Scandales



Mariage blanc


J’ai déjà dit avoir célébré environ deux mille mariages.

En effet, à cette époque, il y en avait beaucoup.

Par exemple, le dernier samedi avant les vacances de la bonneterie, il est arrivé d’y en avoir près d’une quarantaine. En plus de la salle des mariages, il fallait en faire dans le petit salon.

Même, quelques fois, nous faisions rentrer 3 mariages ensemble (quand il n’y avait pas beaucoup d’invités), et je ne lisais qu’une fois le code au lieu de trois, puis demandais à chaque couple séparément leur accord.

 

Un jour, on me demande de célébrer un mariage, un vendredi en fin d’après-midi. Ce sont deux jeunes de la Mission Locale qui me l’ont demandé, puisque j’étais vice-président de cette association.

 

J’arrive dans la salle des mariages, et vois en effet la jeune fille avec son petit ami.

Je la félicite et lui dis que je suis content pour eux deux...

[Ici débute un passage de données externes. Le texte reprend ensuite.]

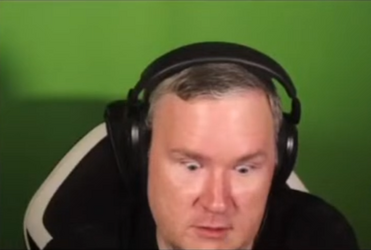 when the child support is due.png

Elle me répond qu’elle ne se marie pas avec lui, qu’il ne sera que son témoin, qu’elle a eu un grand coup de foudre et elle me présente le futur.

C’est un Mauricien.

Je n’ai rien à dire, mais me renseigne quand même, discrètement auprès de la responsable du service de l’Etat-Civil.

On me confirme que tout est en ordre, qu’ils ont reçu toutes les pièces nécessaires.

 

Je procède donc à la célébration du mariage.

 

Ayant quand même une arrière pensée, la cérémonie terminée, je téléphone à la Mission Locale pour demander le portrait physique du deuxième témoin.

En effet, j’avais eu en face de moi une petite jeune fille fluette, alors que le nom prononcé me rappelait plutôt un grosse boulotte.

C’est bien ce que l’on me confirme.

Je rencontre aussitôt la responsable du service de l’Etat-Civil, et ne suis pas long à comprendre que nous avons été mystifiés, et que j’ai dû célébrer un mariage blanc ! (Un mariage blanc, aussi appelé mariage de complaisance, est un mariage contracté dans d'autres buts que la vie commune).

 

Tout s’enclenche alors très vite.

Je téléphone au Procureur de la République pour lui faire part de mes soupçons, afin qu’il me couvre pour l’enquête policière que je déclenche sur le champ.  

Ensuite, je lui confirme par écrit mon récit, afin que le mariage puisse être annulé.

 

J’envoie notre police municipale au domicile de la jeune femme, mais il n’y a personne. Cependant, nos policiers apprennent que les nouveaux mariés doivent se rendre à Paris le lendemain matin, par un des premiers trains.

 

Le samedi, je suis dès 7 heures à mon bureau à la Marie, attendant la suite des évènements.

Vers 8 heures, nos policiers m’amènent la jeune mariée de la veille et son petit ami, qu’ils ont trouvé dormant tranquillement ensemble dans leur appartement.

Ils me signalent également que le marié vient d’être appréhendé sur le quai de la gare, et emmené par la Police Nationale.

 

La jeune femme me raconte alors, le plus naïvement du monde, son histoire.

Elle a fait la connaissance un mois auparavant, du Mauricien qui lui promet, pour ce mariage blanc, une robe neuve et 1.500 francs. Une aubaine pour elle qui n’a pas d’argent. Elle aime toujours son petit copain, continuant de vivre avec lui, et n’a jamais couché avec le Mauricien.

 

Ces mariages de complaisance étaient pratiqués pour acquérir la nationalité française. En effet, à cette époque, un étranger qui épousait une Française, pouvait devenir français six mois après le mariage, par simple déclaration, sans condition de délai, ni de résidence, sur justification du dépôt de l’acte de mariage auprès de l’autorité administrative compétente.

 

Une semaine après, mon Député-Maire Robert Galley, que j’avais mis au courant, intervenait à la tribune de l’Assemblée Nationale et la loi était changée.